Two solar photovoltaic parks, that are the largest installed under the Government Feed-in-Tariff scheme, went online in Cornwall last week making the County the solar capital of Great Britain.

The 1.4MW development at Wheal Jane near Truro and the 1.15MW park at Hendra Holiday Park are the largest arrays currently online in the UK and there are plans for work to start at the massive £14 million Kernow Solar Park later this year.

Britain’s fastest growing solar specialists EOS Energy worked round the clock to install 5,000 solar panels before midnight on Friday at the Hendra Holiday Park (near Newquay) so that they can be connected to the grid before the Feed-in-Tariff (FiT) cut-off date.

Western Power have decreed that the photovoltaic panels had to be in place last week if they are to be connected to the grid before the Government cut-off date for existing Feed-in-Tariffs.

SolarCentury are the developers of the 5680 panel, 1.4MW Park on the site of the disused tin mine at Wheal Jane near Truro.

Under the FiT scheme, individuals or developers who generate power from solar – or other renewable sources – receive payments from their energy supplier based on how much energy they generate to off-set installation.

Climate Change Minister Greg Barker announced a radical overhaul of the FiT earlier this year and the rates for larger installations are to be significantly cut under legislation currently being considered in the Commons. The cut off deadline for existing rates is midnight on 31st July.

The existing FiT for 100kW to 5MW solar arrays is 29.3 pence per kilowatt hour supplied to the grid. As of 31st July, the FiT for 250kW to 5MW projects will be cut to 8.5 pence.

Despite the cut in FiT payments some companies are planning to push ahead with large solar developments even though they will miss out on the deadline. Cornwall County Council has currently granted planning permission for 27 prospective solar parks.

Developers are hoping that the government will have a change of heart and announce a new subsidy scheme (called Renewable Obligation Certificates (ROC)) later this year.
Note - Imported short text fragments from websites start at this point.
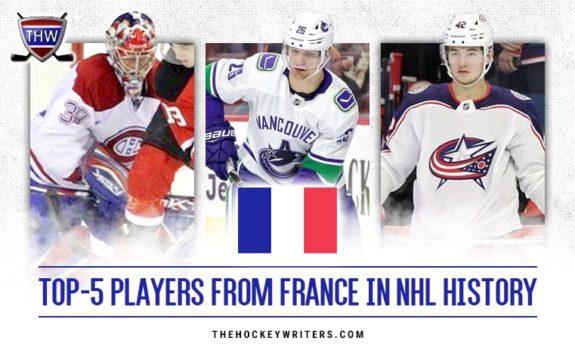 Top 5 players from France in NHL history Cristobal Huet, Antoine Rousel and Alexandre Texier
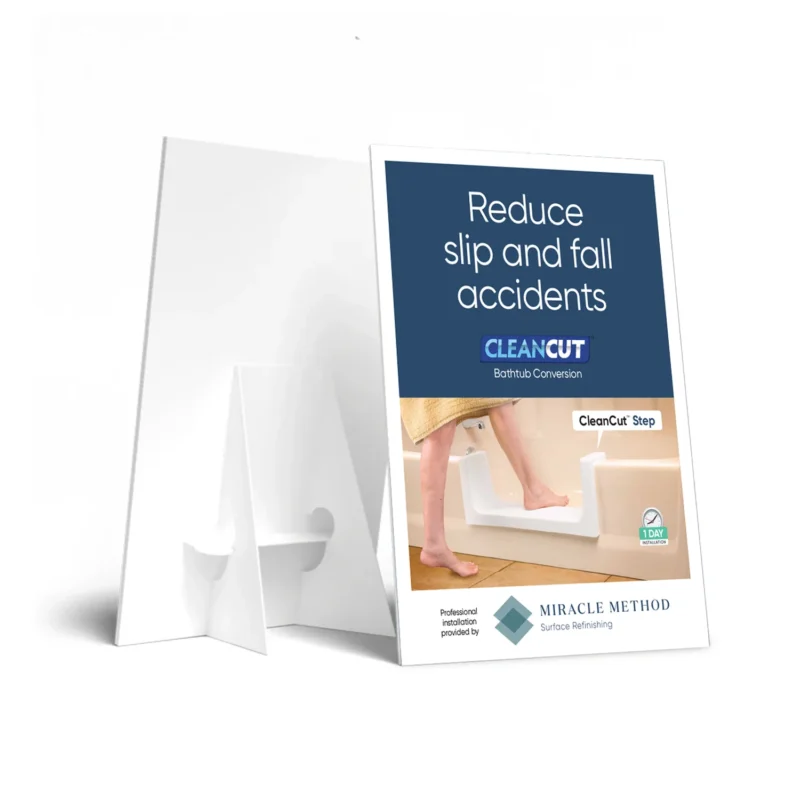 CleanCut Table Display Signs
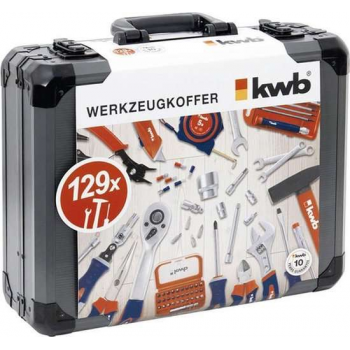 KWB Gereedschapskoffer 129-delig – Aluminium koffer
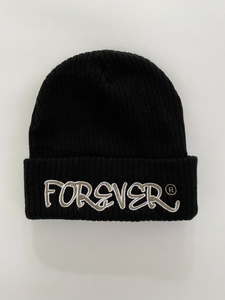 Forever Embroidered Half Fold Woolly Hat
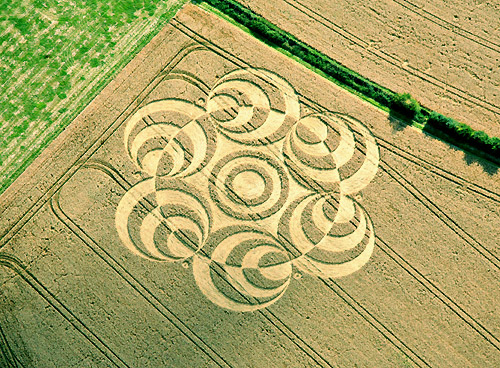 Westwoods (3), Wiltshire crop circle, aerial photo 16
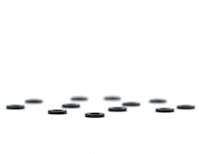 #AV10075-100 - Avid R/C Black aluminium ballstud washers - 12 pcs (1.00mm)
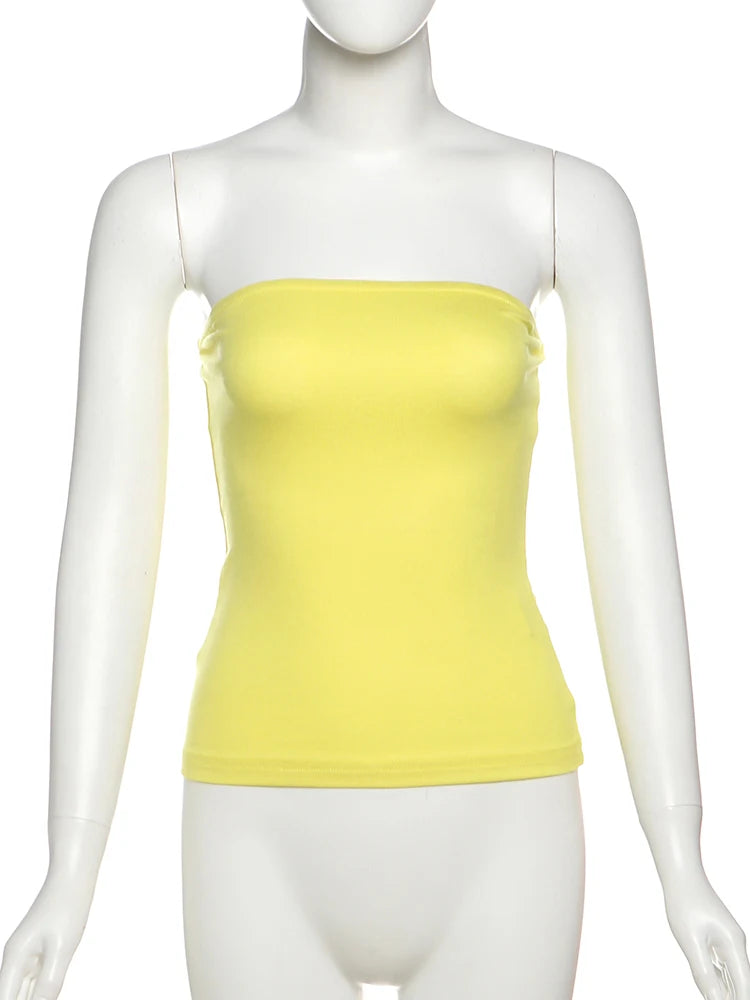 Summer Sweet 2-Piece Set Women Solid Backless Sleeveless Elegant Tops+ Pentagram Stripes Knit Shorts Matching Suits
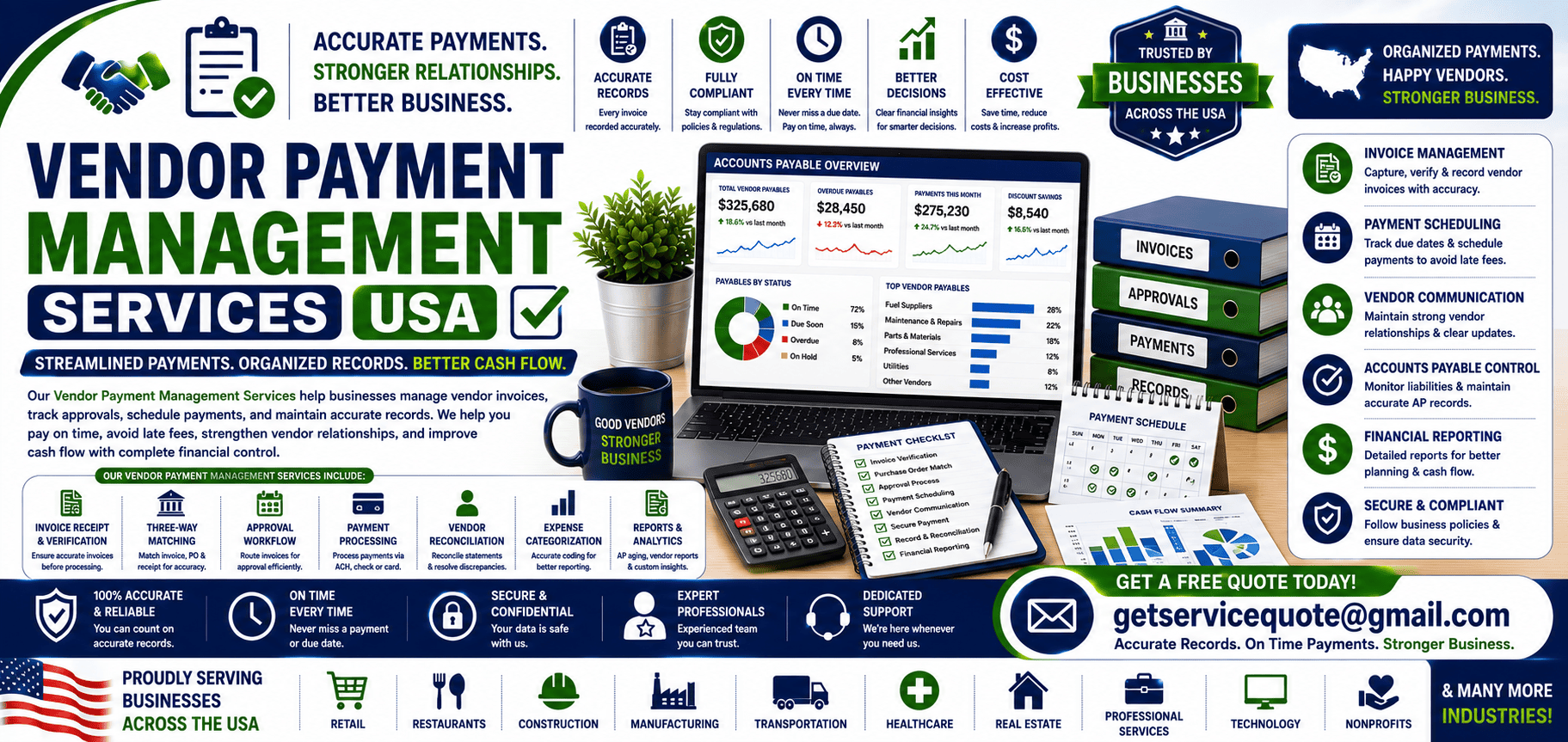 Vendor Payment Management Services Vendor Payment Management Services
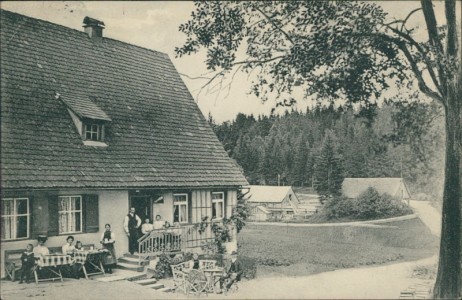 Alte Ansichtskarte Königsfeld im Schwarzwald, Milchwirtschaft zur Hörnlissäge
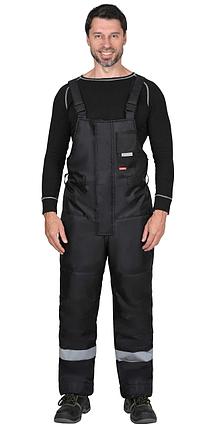 Полукомбинезон мужской зимний универсальный, черный, СОП 50мм, фото 2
“We welcome that the Feed-in-Tariff scheme has been skewed in favour of domestic rather than commercial developments. Domestic arrays introduce renewable energy to more households and more individuals but we cannot support a capped system,” said Lee Summers, director of EOS Energy.

Conor McGuigan, of Lightsource Renewable Energy (LRE) who worked on the Wheal Jane development said: “While it’s been disappointing the Government has decided not to support the large scale solar sector going forward, the solar farms developed this summer will play a critical role in the supply of green energy in the UK, we look forward to helping owners develop solar projects from this point.”
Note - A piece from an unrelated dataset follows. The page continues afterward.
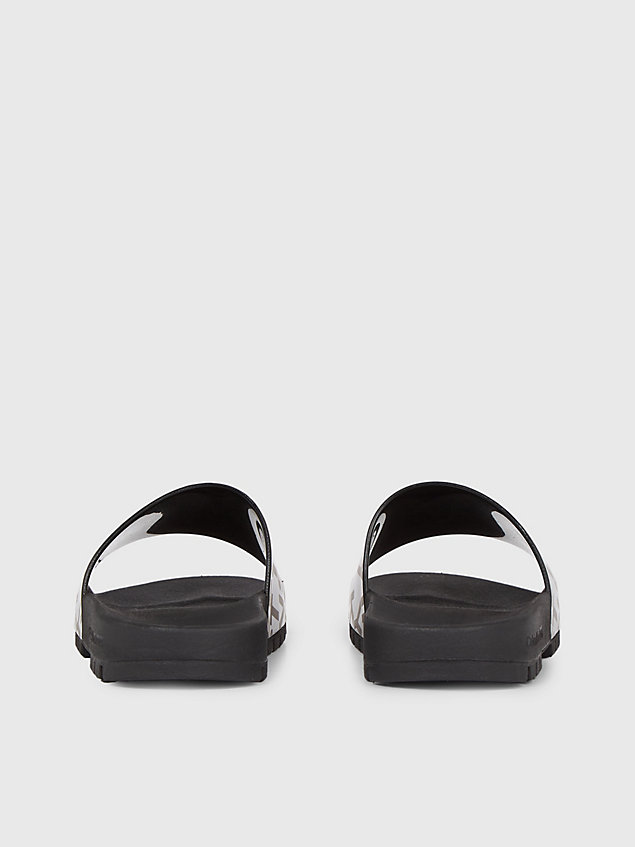black logo-slippers für damen - calvin klein jeans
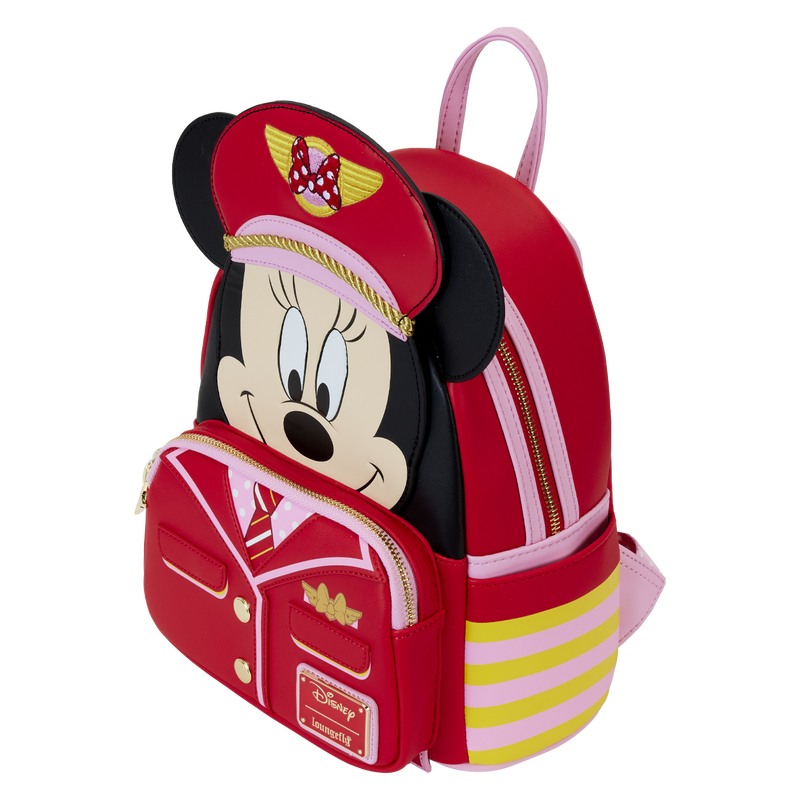 Loungefly Disney C2E2 Limited Edition Minnie Mouse Pilot Cosplay Mini Backpack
Mr Summers added: “If Britain is to become an exemplar for solar in Europe then a few years of uncapped growth in the solar industry is what is required.

“Germany did not develop the largest solar industry in the world by imposing caps on the industry immediately. Even now they have a large growth corridor annually, before deciding at which level to impose the cap,” he said.

“A period of uncapped solar development would provide Britain with a reliable source of politically secure, safe, renewable energy for the next thirty years. Britain has very similar climatic conditions to Germany,” said Mr Summers.